VULTURES , a number of carrion-eating birds. They are recognizable by their blunt claws, in which they differ from other birds of prey, and their bald heads (except for the bearded vulture). These are useful birds since they act as scavengers, and formerly were very common in Israel. In recent times, however, they have diminished in number, and some species are in danger of extinction due to the use of chemical pesticides to kill various animals (like jackals and mice), causing the vultures to die from eating the poisoned carcasses. Four species of vulture are mentioned in the Bible: nesher (av, "eagle"; jps, "great vulture"), ozniyyah (av and jps, "osprey"), peres (av, "ossifrage"; jps, "bearded vulture"), and raḥam (av, "gier-eagle"; jps, "common vulture"). The first three are mentioned together as forbidden for food (Lev. 11: 13, Deut. 14: 12).
There is no doubt that the nesher (נֶשֶׁר) of the Bible is the griffon vulture – Gyps fulvus. It is the largest of Israel's carnivorous birds, its outstretched wings sometimes attaining a span of ten feet. It does not prey on living things but feeds on carcasses; as mentioned in Job (39: 27–30): "She dwelleth… on the rock…. From thence she spieth out the prey; her eyes behold it afar off… and where the slain are, there is she." It has no feathers on its neck to prevent the blood of the carcass from congealing when the vulture puts its head inside it, and hence its designation of "baldhead" (Micah 1: 16). It is one of the longest-lived birds (cf. Ps. 103: 5). The pair of vultures builds its nest on the peaks of lofty rocks (Jer. 49: 16; etc.). The fledgling develops slowly, and the parents tend it with devotion and train it to fly (cf. Deut. 32: 11). (On the identification of the nesher with the eagle, see *Eagle.) The name ozniyyah (עָזְנִיּה) appears to be connected with the bird's strength; it is called oz ("strength") in the Mishnah, which states that articles used to be made from its wings (Kel. 17: 14). Whereas the griffon vulture was common near settlements, it was pointed out that the ozniyyah was found only in places far away from settlements (Ḥul. 62a). The reference is to the black vulture, which is similar in build to the griffon vulture, but has only a bald head and not a bare neck. Two species are found in Israel, the Aegypius monachus, which is dark brown and very rare, and the Aegypius tracheliotus, found in the Negev and distinguished from the former by its brightly colored belly.

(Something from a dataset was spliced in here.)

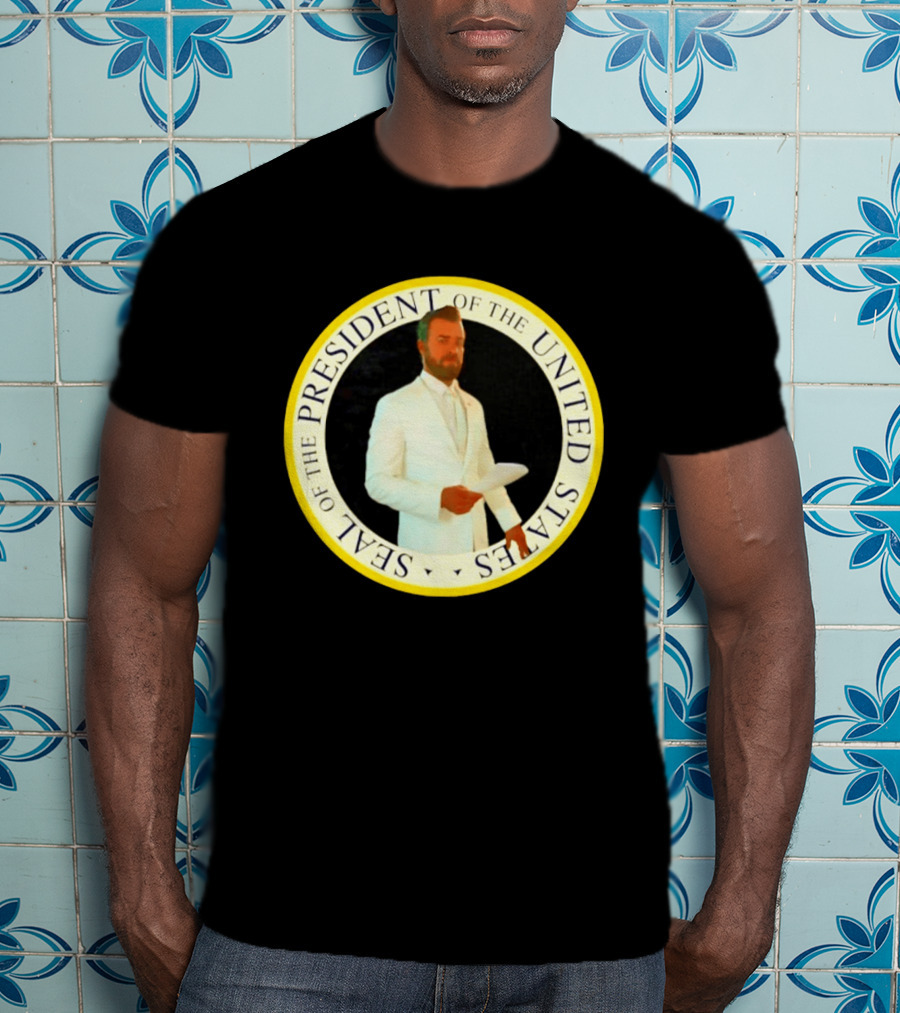 Seal Of The President Of The United States Justin Theroux In White Suit T-Shirt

The Talmud (ibid.) notes that like the ozniyyah the peres (פֶּרֶס) is not found in inhabited localities. It is identified with the bearded vulture, the Gypaetus barbatus. It is presumed that the name peres derives from the fact that it breaks (pores, פּוֹרֵס) the bones of carcasses by dropping them from a height in order to eat the marrow. It is recognizable by the hairy beard fringe at the end of its beak, and is widely dispersed geographically, being found in southern Europe, Africa, and Asia, although in all these places it is rare. In Israel too, in the mountains of the Negev, only solitary pairs are found. The raḥam (Deut. 14: 17, רָחָמָה) is also mentioned as a bird forbidden as food (Lev. 11: 18), and its similar name in Arabic is the basis of its identification with the Neophron percnopterus, the Egyptian vulture. It is the smallest of Israel vultures and is found in flocks near garbage heaps where it feeds on carcasses and insects. When young it is brown in color and later becomes white. In the Talmud the raḥam is identified with a bird called the sherakrak, which, according to the aggadah, if it will sit upon the ground and chirp, thus gives a sign of the advent of the Messiah (Ḥul. 63a). Apparently the reference is to a bird of the genus Merops which is never seen resting on the ground.
R. Meinertzhagen, Birds of Arabia (1954), 382f.; J. Feliks, The Animal World of the Bible (1962), 63–71. add. bibliography: Feliks, Ha-Ẓome'aḥ, 256, 259.